So it happened that I went to Walden's Ridge for my last week in Tennessee, and have ever since thanked my stars-as New England Christians used to say, in my boyhood-for giving me the good wine at the end of the feast.

The wine, it is true, was a little too freely watered. I went up the mountain in a rain, and came down again in a rain, and of the seven intervening days five were showery. The showers, mostly with thunder and lightning, were of the sort that make an umbrella ridiculous, and my jaunts, as a rule, took me far from shelter. Yet I had little to complain of. Now and then I was put to my trumps, as it were; my walk was sometimes grievously abbreviated, and my pace uncomfortably hurried, but by one happy accident and another I always escaped a drenching. Worse than the water that fell-worse, and not to be escaped, even by accident--was that which saturated the atmosphere, making every day a dog-day, and the week a seven-day sweat. And then, as if to even the account, on the last night of my stay I was kept awake for hours shivering with cold; and in the morning, after putting on all the clothing I could wear, and breakfasting in a snowstorm, I rode down the mountain in a state suggestive of approaching congelation. "My feet are frozen, I know they are," said the lady who sat beside me in the wagon; but she was mistaken.

This sudden drop in the temperature seemed to be a trial even to the natives. As we drove into Chattanooga, it was impossible not to smile at the pinched and woebegone appearance of the colored people. What had they to do with weather that makes a man hurry? And the next morning, when an enterprising, bright-faced white boy ran up to me with a "'Times,' sir? Have a 'Times'?" I fear he quite misapprehended the more or less quizzical expression which I am sure came into my face. I was looking at his black woolen mittens, and thinking how well he was mothered. It was the 19th of May; for at least three weeks, to my own knowledge, the city had been sweltering under the hottest of midsummer heats,-94° in the shade, for example; and now, mittens and overcoats!

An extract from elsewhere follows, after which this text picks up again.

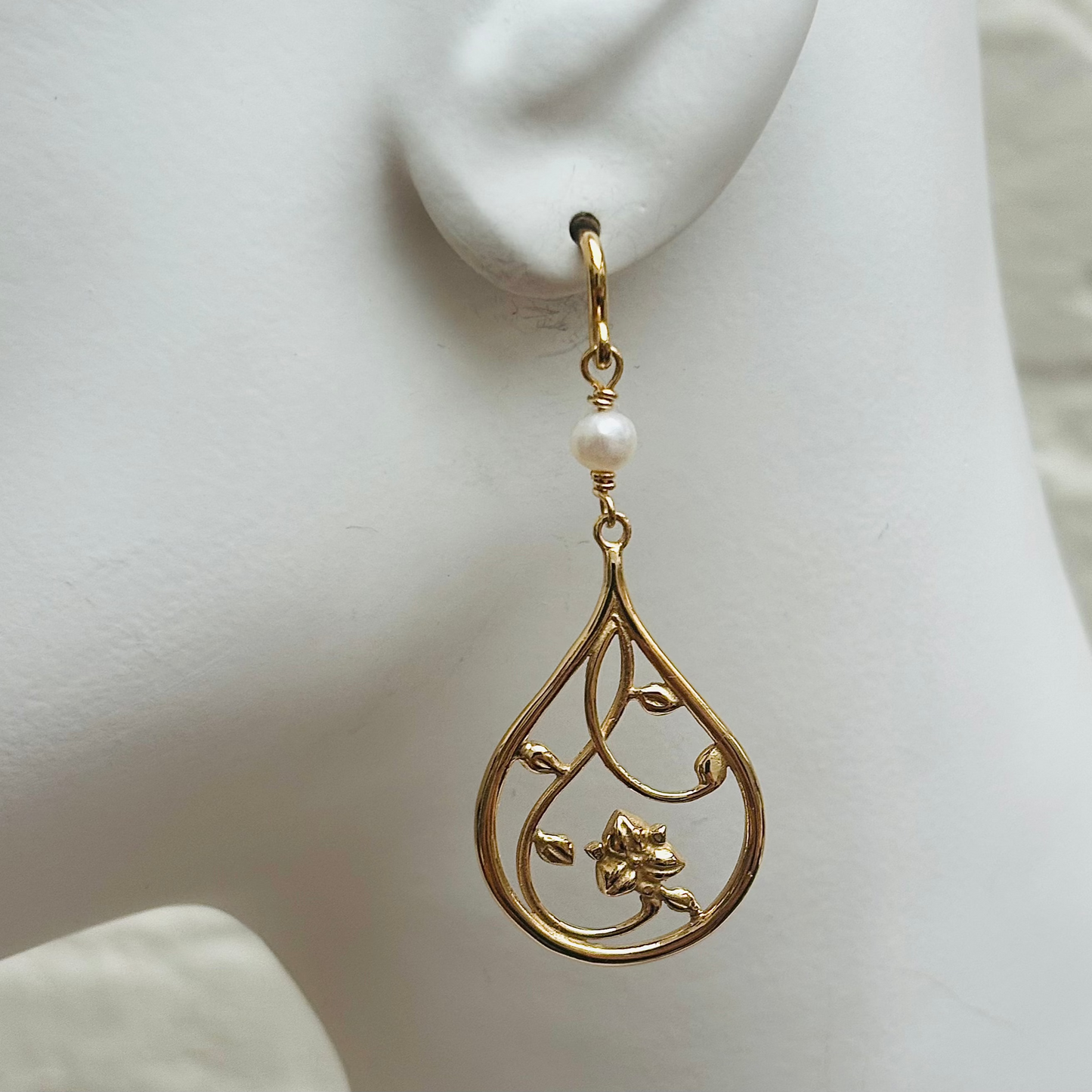 Pearl Garland earrings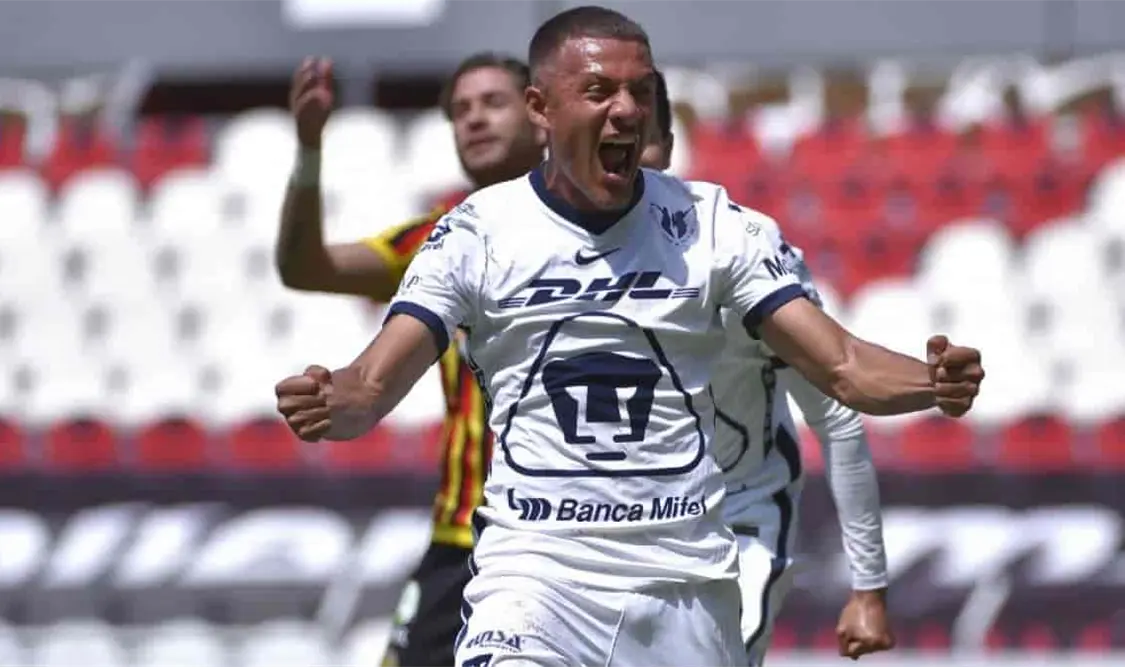 Jacob Morales inició el sueño de ser futbolista en las canchas de Tuxtla Gutiérrez y este torneo ya tuvo su debut con los Pumas de la Liga MX. Agencias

I should be sorry to exaggerate, or leave a false impression. In this day of literary conscientiousness, when writers of fiction itself are truth-tellers first, and story-tellers afterwards,-if at all,-it behooves mere tourists and naturalists to speak as under oath. Be it confessed, then, that the foregoing paragraphs, though true in every word, are not to be taken too seriously. If the weather, "the dramatic element in scenery," happened not to suit the convenience of a naturally selfish man, now ten times more selfish than usual-as is the rule-because he was on his annual vacation, it does not follow that it was essentially bad. The rains were needed, the heat was to have been expected, and the cold, unseasonable and exceptional, was not peculiar to Tennessee. As for the snow, it was no more than I have seen before now, even in Massachusetts,-a week or two earlier in the month; and it lent such a glory to the higher Alleghanies, as we passed them on our way homeward, that I might cheerfully have lain shivering for two nights in that unplastered bedroom, with its window that no man could shut, rather than miss the spectacle. Eastern Tennessee, I have no doubt, is a most salubrious country; properly recommended by the medical fraternity as a refuge for consumptive patients. If to me its meteorological fluctuations seemed surprisingly wide and sudden, it was perhaps because I had been brought up in the equable climate of New England. It would be unfair to judge the world in general by that favored spot.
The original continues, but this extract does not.